Record set:

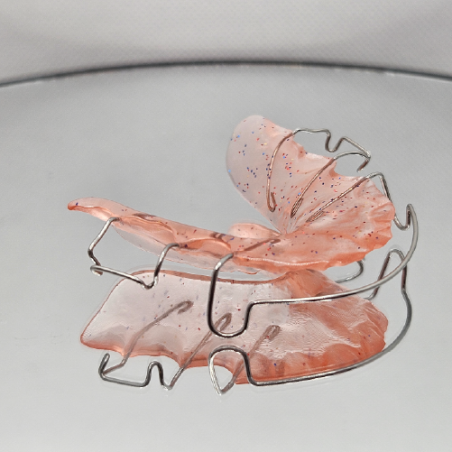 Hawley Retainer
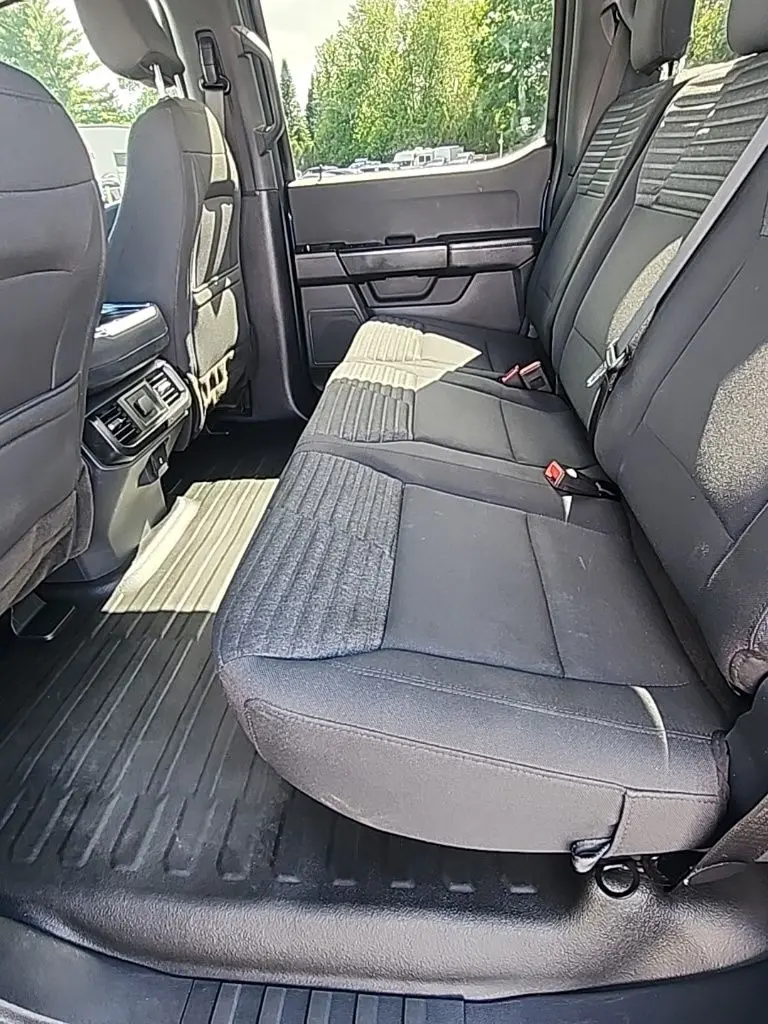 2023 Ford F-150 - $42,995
---
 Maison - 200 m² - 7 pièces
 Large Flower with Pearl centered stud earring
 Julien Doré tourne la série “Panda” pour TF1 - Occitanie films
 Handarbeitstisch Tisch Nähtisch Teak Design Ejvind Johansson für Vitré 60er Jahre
...
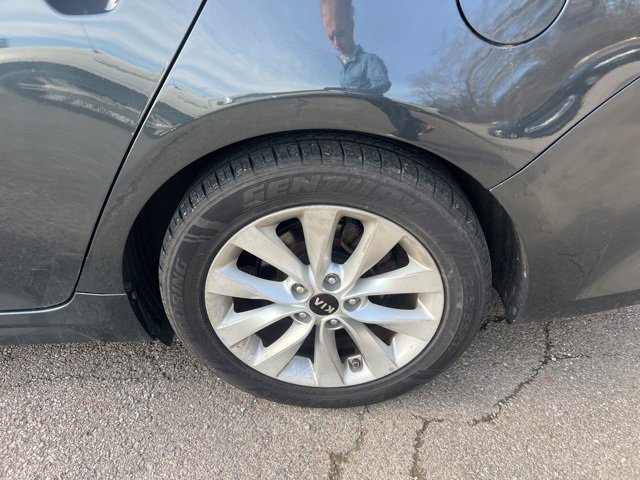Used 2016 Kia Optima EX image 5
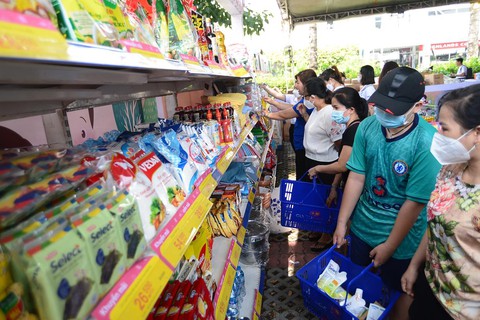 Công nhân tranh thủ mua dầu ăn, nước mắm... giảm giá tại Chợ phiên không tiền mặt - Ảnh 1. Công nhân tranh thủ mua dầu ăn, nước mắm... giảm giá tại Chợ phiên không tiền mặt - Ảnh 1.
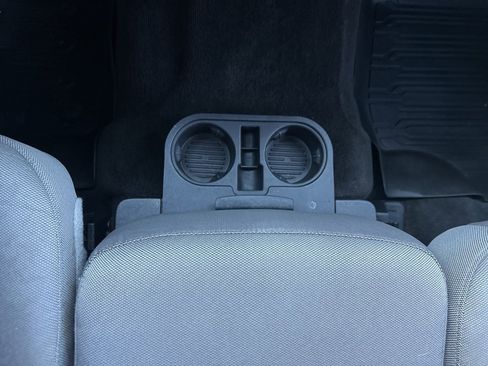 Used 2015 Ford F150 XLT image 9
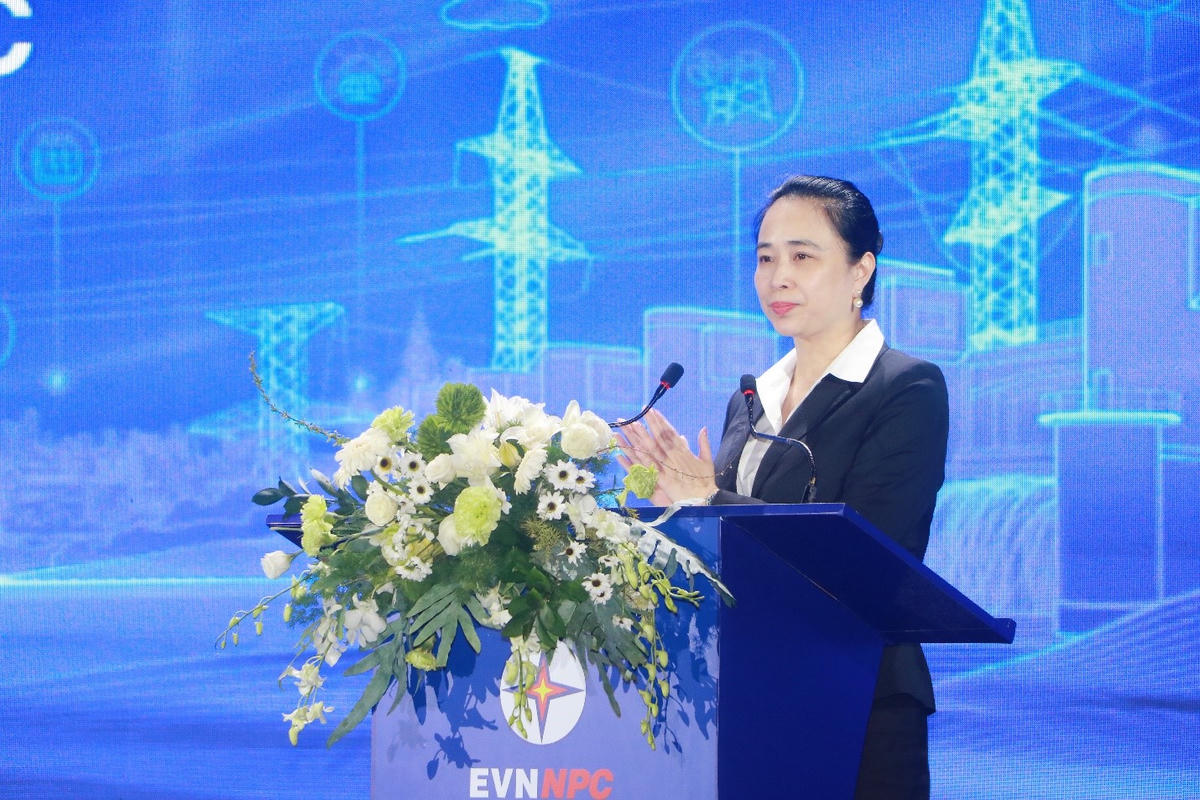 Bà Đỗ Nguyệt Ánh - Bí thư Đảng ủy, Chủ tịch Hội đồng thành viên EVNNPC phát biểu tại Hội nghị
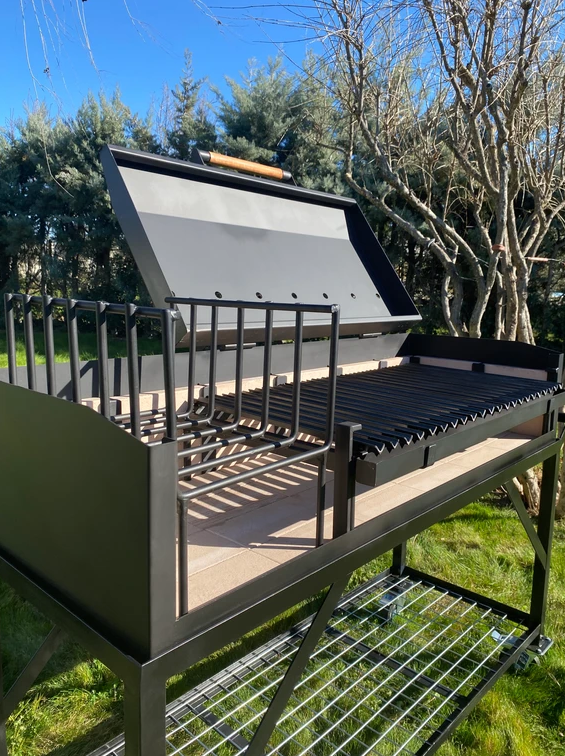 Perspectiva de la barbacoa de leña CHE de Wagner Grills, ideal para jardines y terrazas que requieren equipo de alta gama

Activity: Although pictures appear among the entries, please set down only the lines from the one with "Used 2016 Kia Optima EX image 5" up to and including the one with "Used 2015 Ford F150 XLT image 9", word for word.

Solution:
Used 2016 Kia Optima EX image 5
 Công nhân tranh thủ mua dầu ăn, nước mắm... giảm giá tại Chợ phiên không tiền mặt - Ảnh 1. Công nhân tranh thủ mua dầu ăn, nước mắm... giảm giá tại Chợ phiên không tiền mặt - Ảnh 1.
 Used 2015 Ford F150 XLT image 9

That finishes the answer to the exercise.